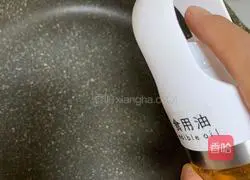 Illustration of how to make carrot and green pepper egg pancakes 6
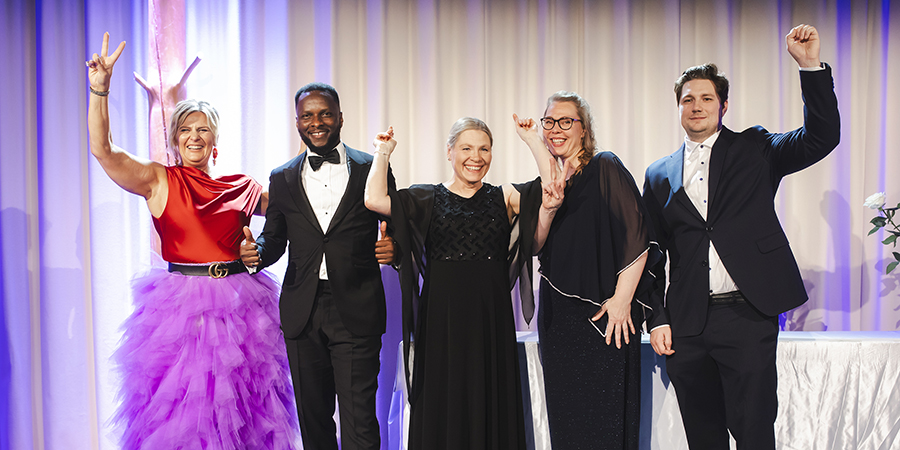 Puhtausalan Tähdet 2025: Leena Meri (vas.), Olukayode Abebiyi, Susanna Mertaniemi, Marika Jokisivu ja Harri Piiparisen palkinnon noutanut Tomi Piiparinen.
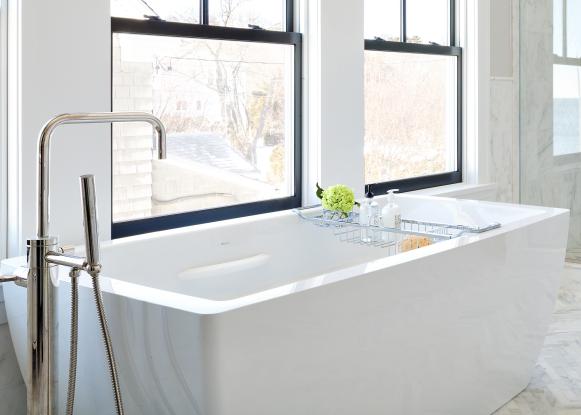 White Contemporary Freestanding Bathtub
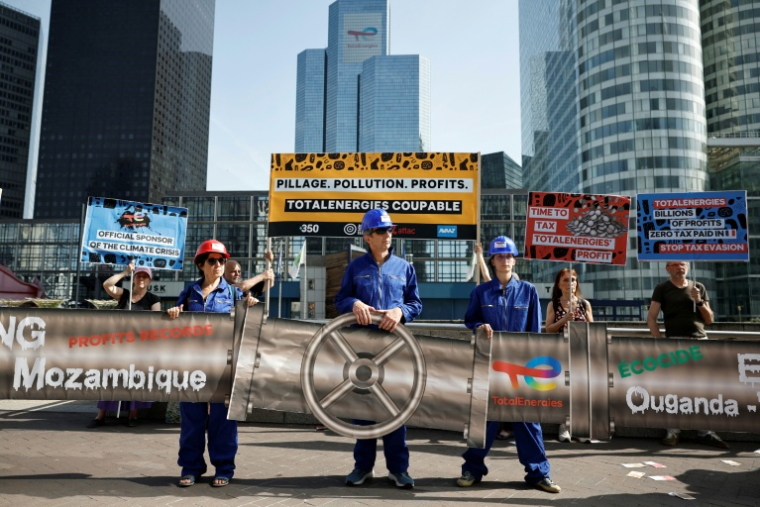 Des militants d'ONG environnementales ont manifesté pendant une demi-heure dans le quartier d’affaires de la Défense, avant l'AG de TotalEnergies, à Paris le 29 mai 2026 ( AFP / SIMON WOHLFAHRT )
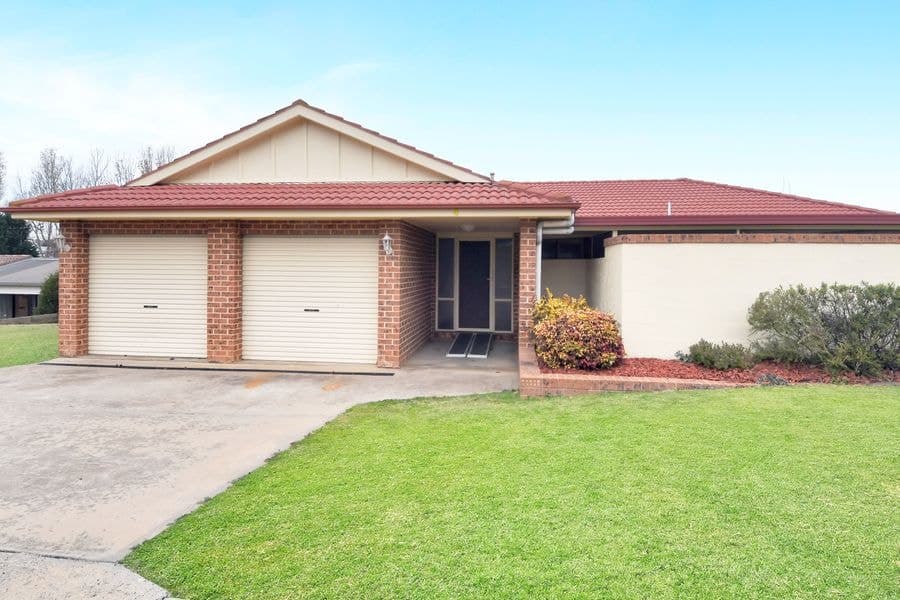 4 Collins Close, Kelso NSW 2795, Kelso - Image 1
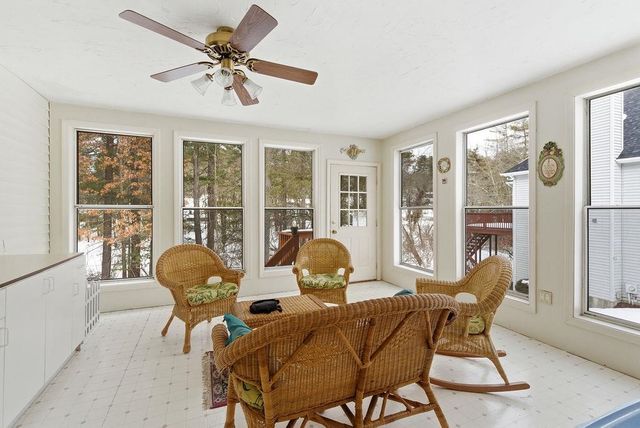 20 Salmon Brook Drive, Nashua, NH 03062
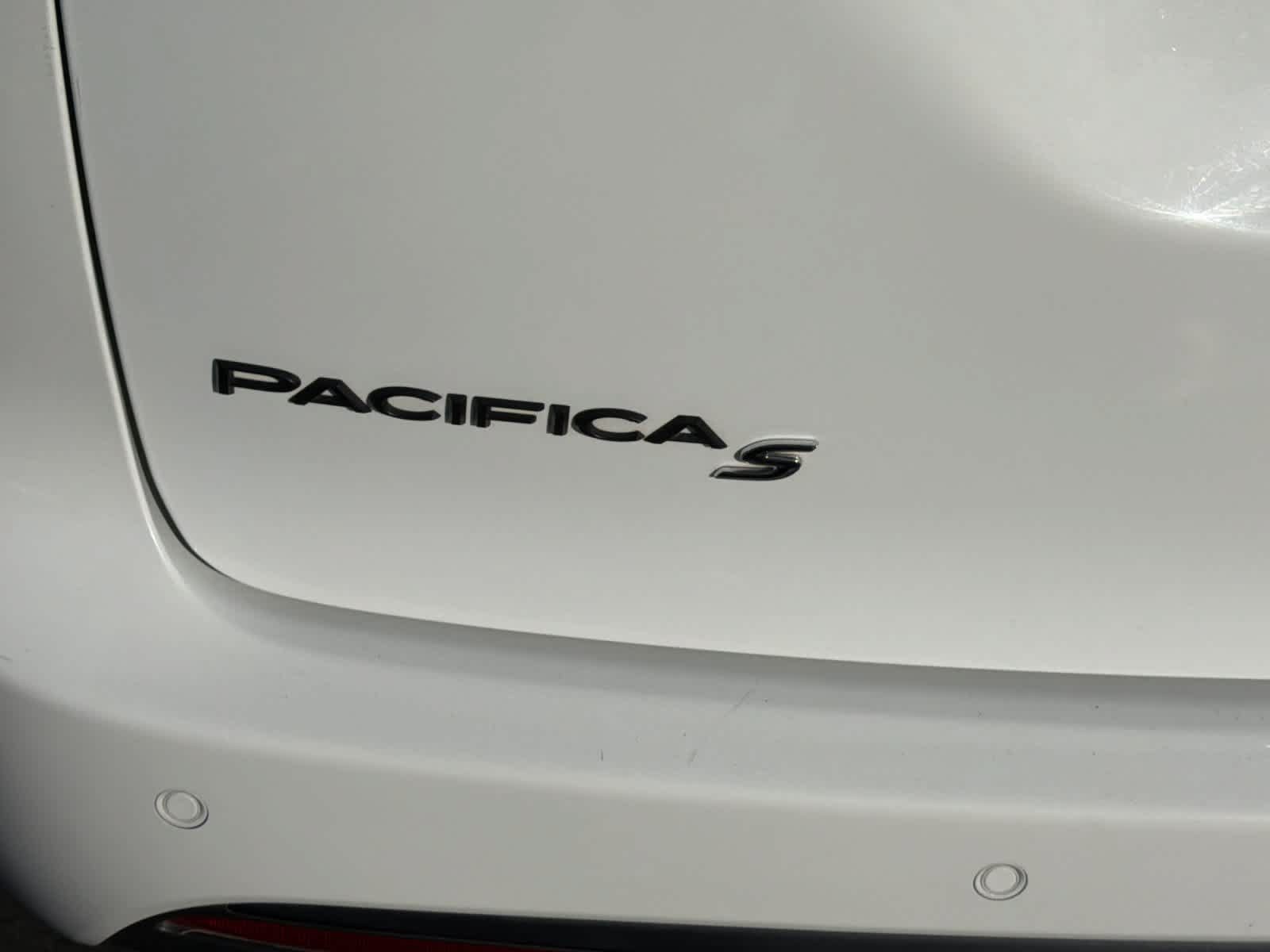 Used 2021 Chrysler Pacifica Touring-L w/ S Appearance Package FWD image 32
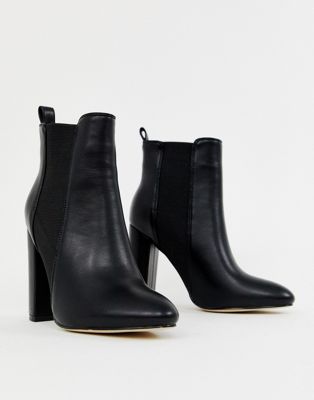black heeled chelsea boots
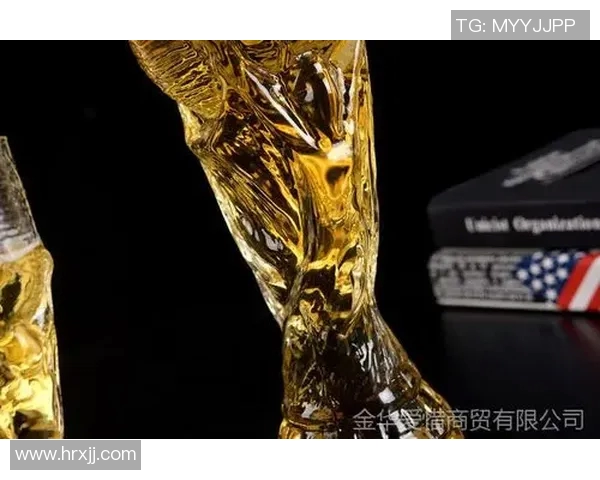 足球明星专用杯高清图片展示球迷必备的收藏品与时尚潮流结合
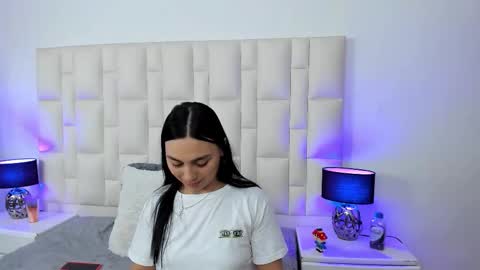 Snapshot of ariana_rouse_ chatting on 3, 10, 2025 ariana online show from 3, 10, 2025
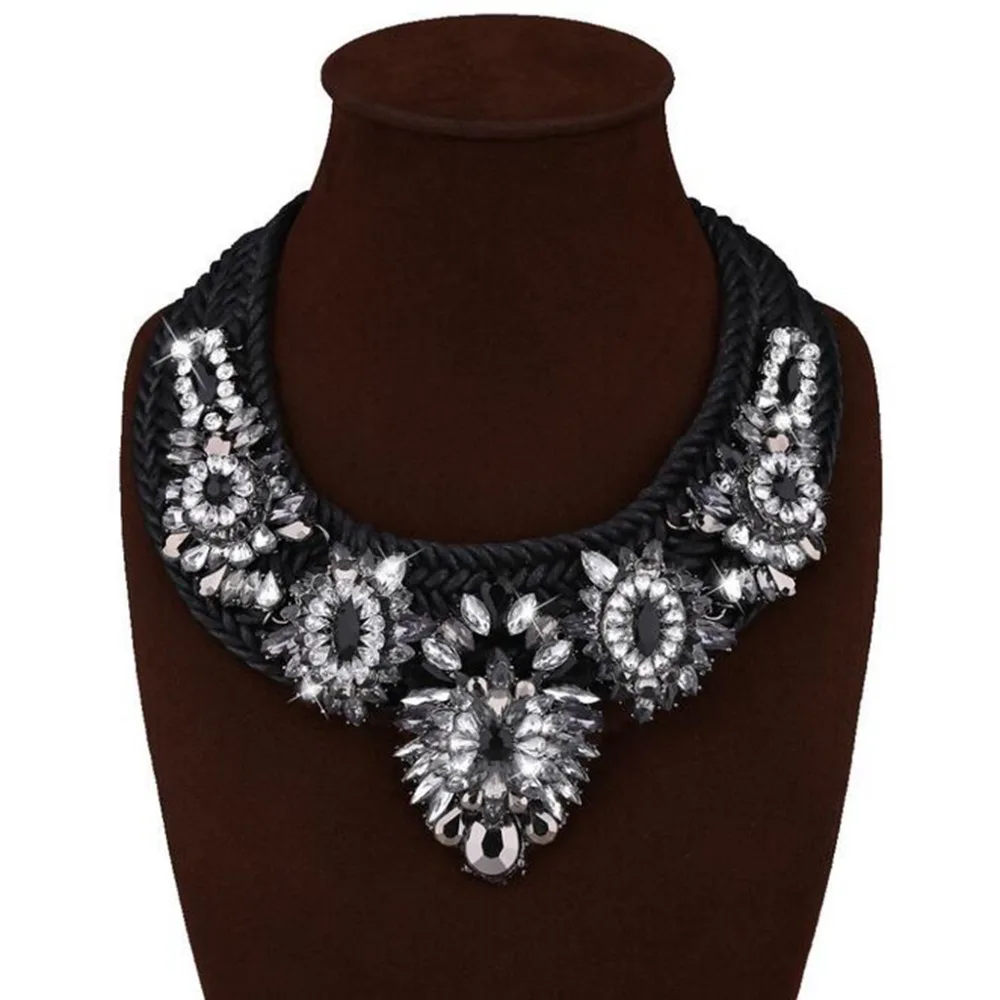 vintage necklaces (2)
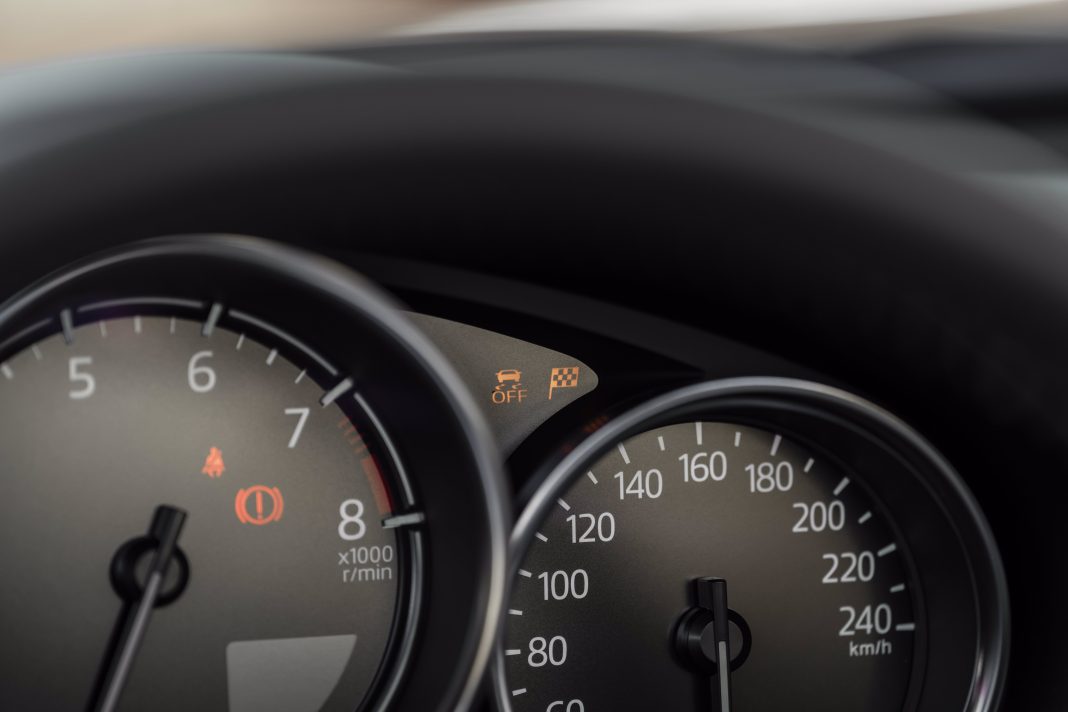 mazda_mx-5_35th_anniversary_2024_mazda_mx-5_src_int_7_lowres Mazda MX-5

** Task objective **
Set down the records again exactly as they appear, leaving each picture behind.

** Solution to this problem **
 Illustration of how to make carrot and green pepper egg pancakes 6
 Puhtausalan Tähdet 2025: Leena Meri (vas.), Olukayode Abebiyi, Susanna Mertaniemi, Marika Jokisivu ja Harri Piiparisen palkinnon noutanut Tomi Piiparinen.
 White Contemporary Freestanding Bathtub
 Des militants d'ONG environnementales ont manifesté pendant une demi-heure dans le quartier d’affaires de la Défense, avant l'AG de TotalEnergies, à Paris le 29 mai 2026 ( AFP / SIMON WOHLFAHRT )
 4 Collins Close, Kelso NSW 2795, Kelso - Image 1
 20 Salmon Brook Drive, Nashua, NH 03062
 Used 2021 Chrysler Pacifica Touring-L w/ S Appearance Package FWD image 32
black heeled chelsea boots
 足球明星专用杯高清图片展示球迷必备的收藏品与时尚潮流结合
 Snapshot of ariana_rouse_ chatting on 3, 10, 2025 ariana online show from 3, 10, 2025
 vintage necklaces (2)
 mazda_mx-5_35th_anniversary_2024_mazda_mx-5_src_int_7_lowres Mazda MX-5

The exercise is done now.